2 Mart 2007 01:00

Sis ve Gece güncelliğini koruyor


Turgut Yasalar Leoparın Kuyruğu’ndan sekiz yıl sonra ikinci filmi Sis ve Gece’yi çekti. Bu sürecin ilk dört senesini ilk filminden kalan borçlarını ödemek için birçok televizyon dizisi yazarak ve çekerek geçirdi. Kendi deyimiyle aralarında “haysiyetli” olanlar da vardı, sadece para için çektikleri de... Geriye kalan dört senede de ikinci filminin finans sorunlarını çözmeye çalıştı. Ve sonunda Ahmet Ümit’in Sis ve Gece adlı romanını beyazperdeye uyarladı. Bundan sonraki filmi için bu kadar ara vermek zorunda kalmamayı uman yönetmenin umudunu paylaşmak düşüyor bize de. Yönetmen filmin bir polisiye gerilimden çok bir aşk ve gizem öyküsü olduğunu söylüyor. Kaybolan bir kız; Mine (Selma Ergeç) ve kaybolan sevgilisini bulmakta güçlük çeken bir gizli servis elemanının (Uğur Polat) öyküsü… Filmin diğer rollerini paylaşan oyuncular arasında İlyas Salman, Ayten Uncuoğlu, Ümit Çırak, Yetkin Dikinciler, Sara Meriç Cinbarcı da bulunuyor.

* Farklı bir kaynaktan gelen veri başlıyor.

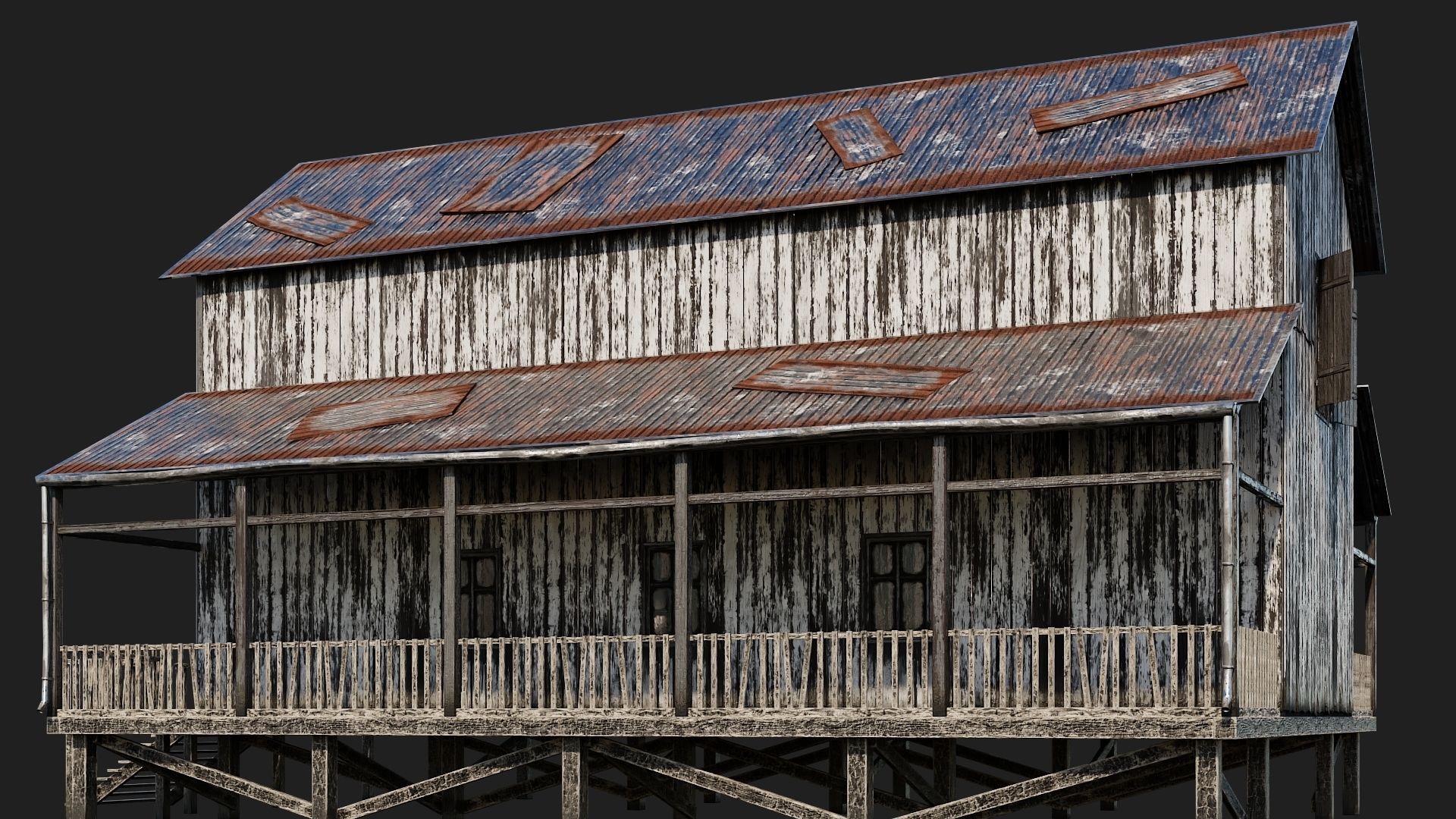 37-38-39-40 - Farm Buildings 4K PBR GameReady Low-poly 3D model_37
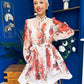 Riley Embellished Mini Shirt Dress Floral Rose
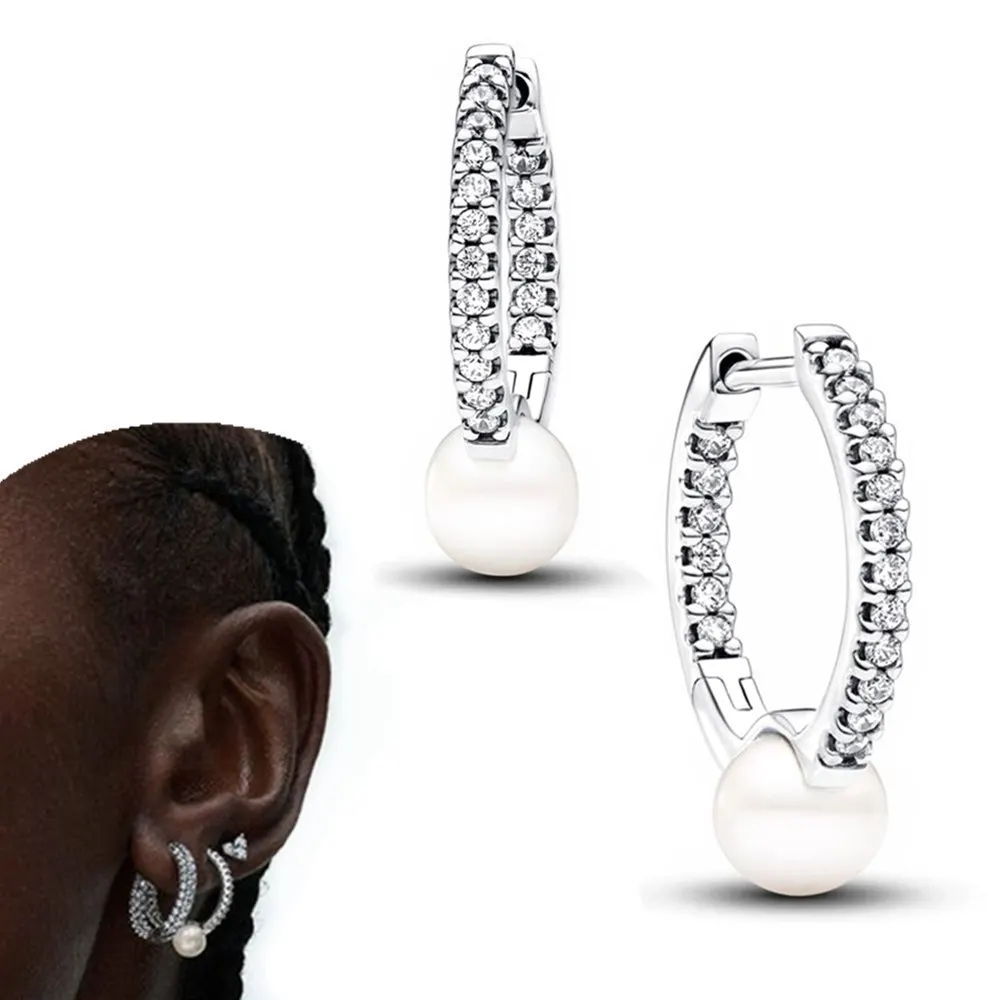 Woman Hoop Earrings 925 Sterling Silver Pearl Pavé Halo Stud Earrings For Women Earrings Jewelry Gifts - Image 4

Yönetmen Yasalar’la geçtiğimiz hafta vizyona giren filmini konuştuk.

Ahmet Ümit’in romanı “Sis ve Gece”yi sinemaya uyarlamaya nasıl karar verdiniz?
Bir gün Taksim’den 4. Levent’e gidiyordum. Metronun girişinde yeni yayınlanan romanı Kukla’yla ilgili tanıtıcı bir fasikül dağıtıyorlardı. Okudum ve çok ilgimi çekti. Sonra döndüm Taksim’e romanı aldım. Sis ve Gece ile Kar Kokusu’nu almıştım evde duruyordu. Okurum diye bekliyordu. Patasana’yı, Kar Kokusu’nu Sis ve Gece’yi Kukla’yı yazılış sırasına göre okudum. Ama aklımda Sis ve Gece kaldı. Ahmet’i o zamanlar tanımıyordum, bir ortak dostumuzu aradım. Ahmet’le buluştuk. Rakı içtik, sohbet ettik. Ahmet ihtiyatla karşılamış, bir sürü adam gelip gidiyor Turgut nereden çıktı demiş. Fakat o zamanlar anlatmamıştı, bugünlerde anlatıyor. Romanın üzerinde konuştukça romanın şifresini çözdüğümü söyledi ve oradan başlayarak aramızda bir sıcaklık başladı. Fakat o sırada romanı opsiyonladıkları için benim bir süre daha beklemem gerekiyordu. 2003 yılında kontrat yaptık ve ben romanın üzerinde çalışmaya başladım. Bir yandan da finans aradığımız için bugünlere geldik.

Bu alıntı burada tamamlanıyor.